Quelles étaient les intentions de l’Opéra Bastille en confiant la mise en scène des Indes Galantes l’opéra ballet de Jean-Philippe Rameau à un créateur tel que Clément Cogitore (voir Singulars) ? Réalisateur de plusieurs court-métrages récompensés et montrés dans de nombreuses expositions d’art contemporain, il est l’auteur d’un unique long-métrage remarqué. Ni le ciel ni la terre raconte la disparition mystérieuse de soldats français postés en Afghanistan alors qu’ils s’apprêtent à un retrait. Traité à la façon d’un huis clos confiné dans un désert rocailleux, la mise en scène déploie un propos fantastique allié aux technologies modernes de détection, en particulier la vision nocturne.

Nous pouvons légitimement penser qu’il était audacieux  de la part des commanditaires de l’Opéra Bastille de faire appel pour mettre en scène un opéra baroque à un plasticien qui revendique un mode opératoire plutôt personnel : « établir des règles très précises et, au milieu, laisser des éléments incontrôlables, pariant sur le fait que cela produira du sens et de la forme. »

Oeuvre moderne en son temps à laquelle il fallait sans doute redonner un gage de modernité.

Ce pari a fait l’objet d’un documentaire qui raconte la gestation et l’aboutissement du spectacle. Réalisé par Philippe Béziat, cinéaste rompu à ce genre d’exercice (Pelléas et Mélisande, le Chant des Aveugles ou encore Traviata et Nous), nous pouvons d’entrée à tous points de vue affirmer que le résultat est admirable. Des premières répétitions à la représentation finale tout en suivant le parcours de certains danseurs de la troupe, nous assistons à une mise en abyme du spectacle.

Que raconte l’opéra Les Indes Galantes ?

Entre un prologue et quatre tableaux, sous-titré Ballet héroïque, il s’agit d’un somptueux spectacle qui déploie des décors mirifiques et des costumes idoines. L’intrigue, quant à elle en son temps prétexte au divertissement, sert aujourd’hui un à-propos tout à fait contemporain. Une défense de l’universalisme soulignée par une prise de position en faveur de l’intégration dans nos contrées d’une immigration de toute origine. En bousculant la matière originelle, Cogitore illustre les tentatives désespérées de gagner des terres plus florissantes de gens issus de pays où règnent le chaos et la misère.

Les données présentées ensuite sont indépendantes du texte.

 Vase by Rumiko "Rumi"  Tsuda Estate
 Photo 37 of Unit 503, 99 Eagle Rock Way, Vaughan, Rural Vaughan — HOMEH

En regardant dans les yeux les insupportables dérives de nos obsessions face à ce qu’un grand nombre d’entre nous juge inadmissible.

Afin d’apporter un sursaut de force à sa mise en scène, Clément Cogitore a convoqué la chorégraphe Bintou Dembélé et sa compagnie Rualité consacrée à la danse urbaine, en particulier le hip hop. En mélangeant les styles du krump au waacking, en passant par le voguing ou encore le bboying et le break, la force du propos est décuplée. La troupe de 30 danseurs, pour la très grande majorité d’entre eux issus de l’immigration apporte une fraîcheur et une puissance saisissante au spectacle. Le public ne s’y d’ailleurs pas trompé en lui faisant à chacune des 20 représentations un triomphe. Ceci malgré quelques critiques dont une douteuse qui perd son sens de la mesure, citée par l’impeccable et très mécontent à ce sujet directeur musical Leonardo García Alarcón. “Pourquoi payer 200€ pour voir des danseurs à qui on ne donnerait que quelques centimes dans la rue?” Emblématique du chemin qu’il reste à parcourir dans ce pays pour ouvrir ses écoutilles.

Cette réflexion d’une bêtise abyssale donne d’autant plus de poids à l’apport du documentaire. Par un effet miroir il recueille le témoignage des danseurs qui tous racontent la même histoire, je suis issu d’un ailleurs mais je suis français et fier d’appartenir à cette communauté.

En s’appropriant les codes d’un opéra tel que Les Indes Galantes, en s’extasiant devant sa beauté musicale et harmonique, ils parcourent un chemin d’autant plus étendu que celui que nous devrions faire pour aller à leur rencontre.
Ce n’est pas la moindre des leçons à tirer de ce film revigorant.